About 2010, Jack decided to produce a will. He found a form on the Internet and went to it, his yellow #2 pencil inscribing the paper.
Jack peered at me. "What do you want me to leave you?"
At the price of his death? "Nothing!"
But the next day, I remembered how my furnishings became a jumble when Jack arrived. We put some of his stuff in my rooms, some of mine in his, and both in ours. What if he died and his kids showed up to abscond with "his" furniture. What if they took mine?

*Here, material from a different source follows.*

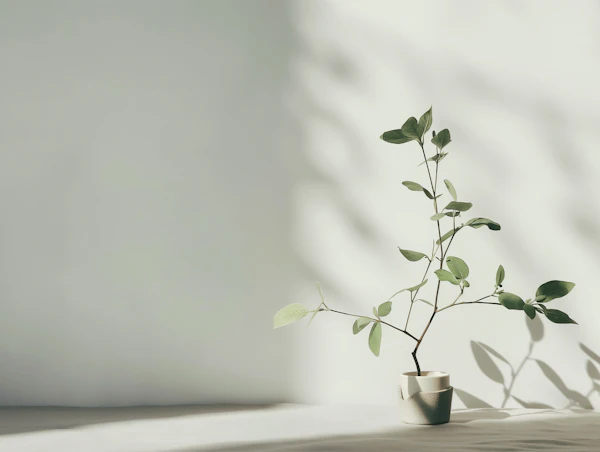 Serene Minimalist Plant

"Leave me the furnishings," I said, and he did.
During the next five years, Jack revamped his will several times, on the last occasion with a lawyer. Each time he reassured me that his furnishings would be mine. I felt content.
September 2015. Jack had been dead a few days. His son Mark and I stood in Jack's Crown Pointe studio. I felt immobile. Mark gestured around the room. "It's all yours, Marilyn." Mark--the executor of Jack's will--should know.
Then I remembered. The furniture. He willed me all his furnishings, his hospital bed, his drooping plants, his dirty socks in a cluster on the floor, his hundreds of books, his food rotting in the refrigerator. I laughed.
Late in October, Mark and I stood in my dining room, discussing Jack's hoard of cash.
"How long should I wait before I distribute it," Mark asked.
I had no idea. "I suppose you should sit tight at least a couple of months. Sometimes billing takes that long. Or maybe ask a banker."
He nodded. "Or a lawyer." He looked askance at me. "You do know that he left you everything."
"Everything?" I trembled, not so much at the size of Jack's nest egg as at his choice to entrust it to me. An unexpected expression of his love.
Mark grabbed my elbow.
"I'm okay, Mark. I'm delicate, but I'm also sturdy."
I waited until he left before I commenced to cavort and keen.